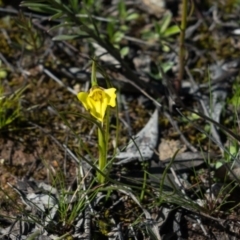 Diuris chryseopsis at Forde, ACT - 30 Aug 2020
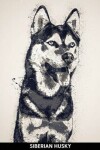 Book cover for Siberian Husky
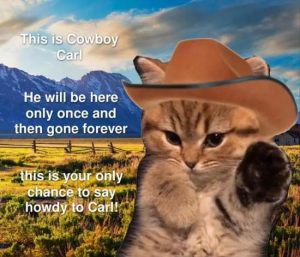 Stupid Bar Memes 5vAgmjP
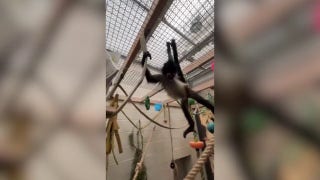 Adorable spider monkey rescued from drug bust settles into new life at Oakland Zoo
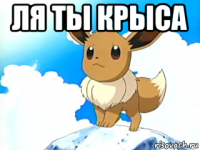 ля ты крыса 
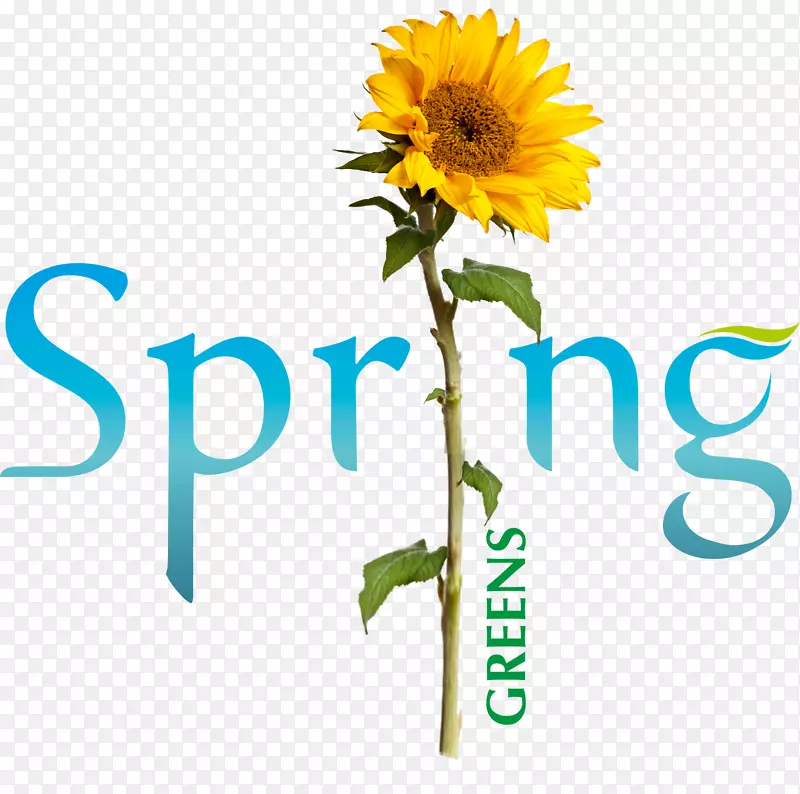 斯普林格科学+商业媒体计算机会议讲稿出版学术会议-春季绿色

* * *

### What is needed:
Every line above is to be duplicated exactly; no picture should be carried over.

### Written response:
 Diuris chryseopsis at Forde, ACT - 30 Aug 2020
 Book cover for Siberian Husky
 Stupid Bar Memes 5vAgmjP
 Adorable spider monkey rescued from drug bust settles into new life at Oakland Zoo
 ля ты крыса 
 斯普林格科学+商业媒体计算机会议讲稿出版学术会议-春季绿色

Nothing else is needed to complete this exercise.